Alabama voters elected to keep language requiring separate schools for black and white students intact within the state Constitution by rejecting Amendment 4 on Tuesday.
The rejection was a response to an outcry from educators and legislators who argued the amendment did not go far enough in its attempts to rewrite the state’s most powerful document.
Federal law has since made the controversial language, which also requires the levy of a poll tax, legally obsolete. But the amendment’s supporters had argued that the language sent the wrong message about Alabama to individuals and entities outside the state.
The amendment’s opponents say any eventual rewrite should also eliminate the phrasing that denies Alabamians’ constitutional right to an education.
Henry Mabry, executive secretary of the Alabama Education Association, viewed Tuesday’s result as a vote for educational access.
“The defeat of Amendment 4 should send a clear message to Montgomery that the rights of our school children to a public education should stand,” Mabry said Tuesday. “Alabama spoke tonight, and the state’s people said they value a public education for our children.”
Amendment 4 was the only one out of 11 proposed constitutional amendments that did not pass.
By twice rejecting amendments that would strike controversial language – one that would eliminate phrasing about the right to a public education, and one that would not – it appears Alabama prefers the status quo to the danger of unintended legal consequences that may come with reform, said Rep. Demetrius Newton, D-Birmingham.
“Alabama seems to be pretty satisfied with the language in the Constitution,” Newton said.

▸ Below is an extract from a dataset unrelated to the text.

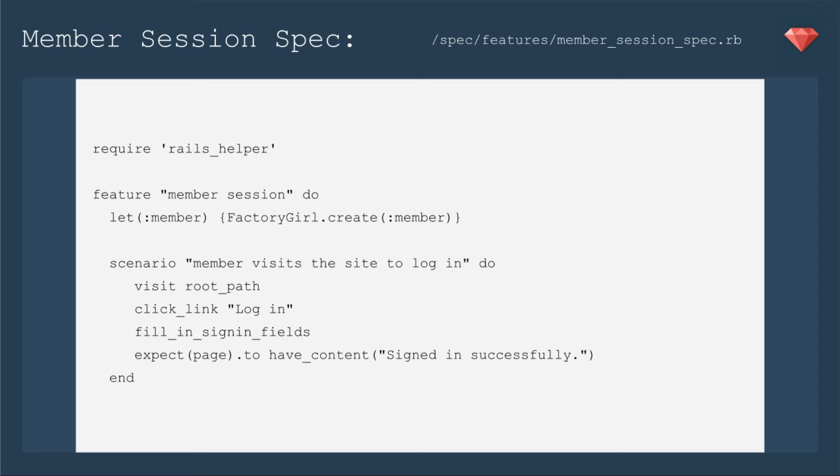The first one is member visits the site to log in. We'll visit that route path, click the link to log in, fill in all the sign-in fields, and expect to have the content signed in successfully.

But supporters of the revision argued that the mandates are not a positive reflection on the state. Billy Canary, CEO of Business Council of America, told a local news station that removing the amendment would give Alabama “the type of image that helps us promote ourselves as a state around the nation and around the world.”
But black legislators and the Alabama Education Association believe the amendment would have done more harm than good.
Amendment 4 was struck down by 61 percent of voters. This is the second time lawmakers have tried to pass legislation removing the racist language from the 1901 Constitution.